Bu Kadar Kolay mı?
BU KADAR KOLAY MI?
Sevgi esrarlıdır, efsunludur, tiryakidir. Hiçbir yaratık yoktur ki sevgiyi reddetsin. Ona ihtiyaç duymadan, onu aramadan geçen ömür olabilir mi? Kâinat tüm varlığı ile birlikte bir noktaya doğru akıyor. O nokta da sevgi noktasıdır. Yaratanın kendisidir… adıdır.. SEVGİ…

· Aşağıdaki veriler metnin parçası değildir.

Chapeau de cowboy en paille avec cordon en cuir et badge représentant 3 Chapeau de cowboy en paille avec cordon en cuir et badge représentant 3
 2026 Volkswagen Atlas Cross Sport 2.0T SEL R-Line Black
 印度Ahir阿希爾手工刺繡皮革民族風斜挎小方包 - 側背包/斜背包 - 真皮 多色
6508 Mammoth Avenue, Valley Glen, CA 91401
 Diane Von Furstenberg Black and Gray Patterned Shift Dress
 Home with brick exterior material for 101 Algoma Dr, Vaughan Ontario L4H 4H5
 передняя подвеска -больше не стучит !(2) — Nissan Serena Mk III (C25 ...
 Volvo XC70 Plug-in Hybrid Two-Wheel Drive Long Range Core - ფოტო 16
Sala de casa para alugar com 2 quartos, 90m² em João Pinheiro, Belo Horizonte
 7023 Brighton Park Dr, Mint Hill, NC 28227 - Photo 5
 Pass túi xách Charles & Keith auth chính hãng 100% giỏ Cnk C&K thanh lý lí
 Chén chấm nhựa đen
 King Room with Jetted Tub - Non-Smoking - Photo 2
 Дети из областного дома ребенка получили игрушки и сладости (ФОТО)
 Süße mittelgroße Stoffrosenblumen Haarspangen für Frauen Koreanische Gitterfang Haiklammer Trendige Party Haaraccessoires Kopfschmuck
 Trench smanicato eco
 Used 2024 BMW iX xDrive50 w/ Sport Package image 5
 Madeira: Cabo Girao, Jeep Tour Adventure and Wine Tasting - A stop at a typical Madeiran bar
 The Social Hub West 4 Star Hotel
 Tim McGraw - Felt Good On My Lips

“Sevgi kainatın yaratılış sebebidir”
“Seversen her şeyi güzel görürsün”
“Çirkinlikler sevgiyle kaybolur”
Bunu böyle biliyoruz ama düşünün şöyle bir; acaba güzel olanı mı seviyoruz, yoksa sevgiyle güzeli biz mi yaratıyoruz?
Nedir güzel?... Güzel; gözün gönlün hoşlandığıdır, hoşluğudur, nazenin ve lezizdir ama onun bir de karşıtı var; çirkin.
”Herkesi, her şeyi sevmeliyiz, yaradan adına yaratılmışları sevmeliyiz” diyoruz da, her şeyi sevebilmek mümkün mü bir insan yüreği için?
Kâinatta toz zerresi hükmünde bile olmayan yüreğime, sonsuz gücün yarattığı her şey sığabilir mi? Onun gücüne ulaşabilir mi? Nedir sevgi? Birilerinin veya kendimizin zoruyla, telkiniyle elde edilebilen bir duygu mudur? Veya insanın kendini zorlama yoluyla elde edilebilinir mi?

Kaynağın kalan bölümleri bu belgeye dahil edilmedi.